- **Task inputs**:
-*-*-

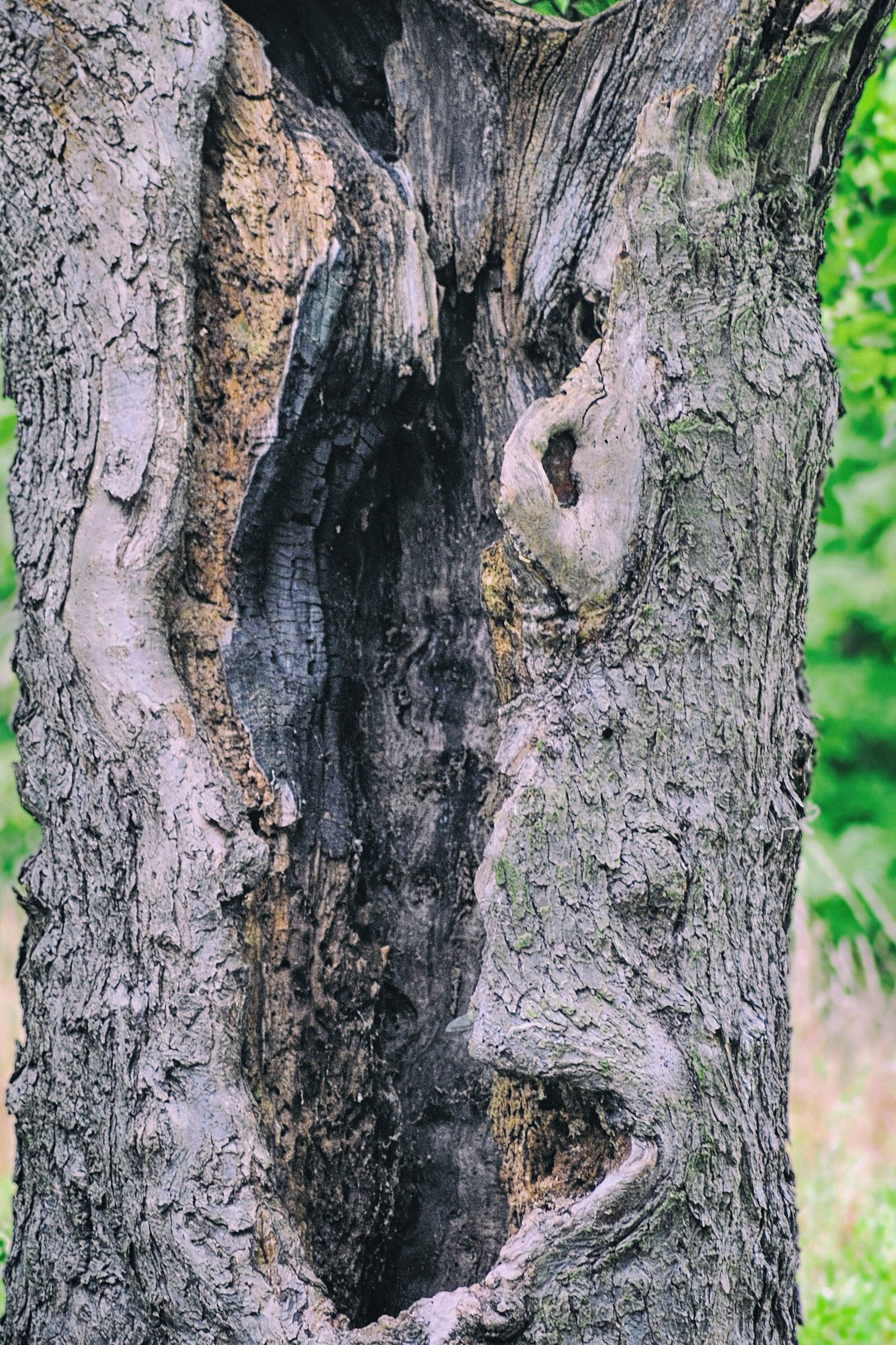 Nikon D3000 sample photo. Log, tribe, morsch photography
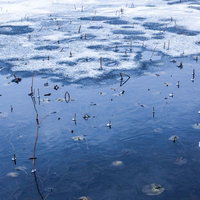 冬の池に浮かぶ蓮の跡：雪と氷に包まれた枯蓮の茎の写真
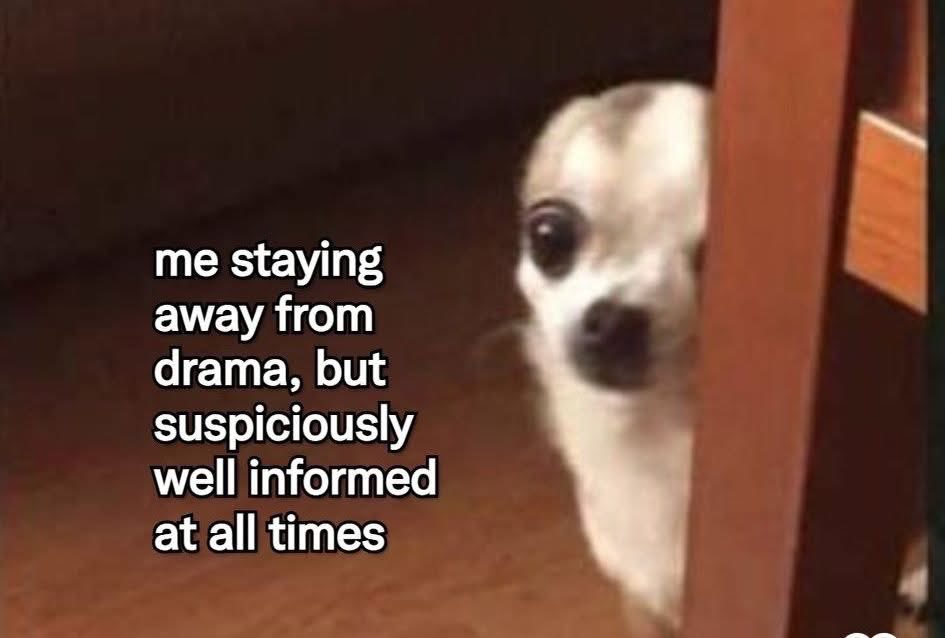 𝓓𝓪𝓯𝓯𝓸𝓭𝓲𝓵𝓼🌼 tweet media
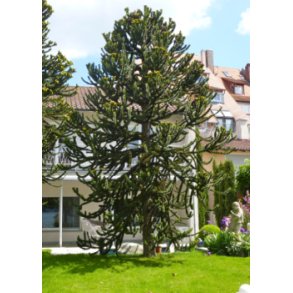 Abetr� / Andesgran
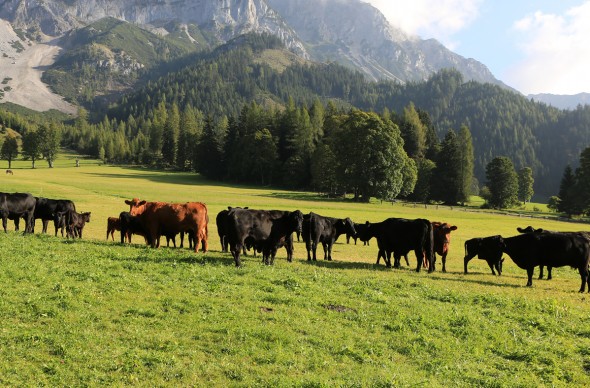 Angusrind auf dem Bauernhof
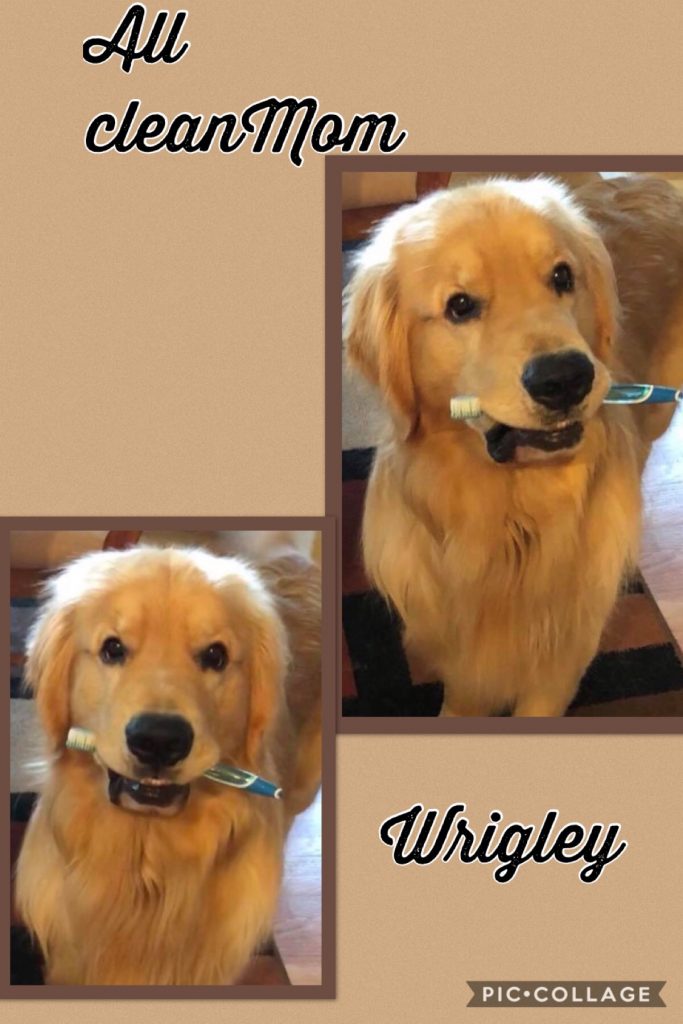 RUBY'S SON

-*-*-

- **What to work on**: Every line of the listing should be repeated exactly; no picture should appear.

- **Response**:
 Nikon D3000 sample photo. Log, tribe, morsch photography
 冬の池に浮かぶ蓮の跡：雪と氷に包まれた枯蓮の茎の写真
 𝓓𝓪𝓯𝓯𝓸𝓭𝓲𝓵𝓼🌼 tweet media
 Abetr� / Andesgran
 Angusrind auf dem Bauernhof
 RUBY'S SON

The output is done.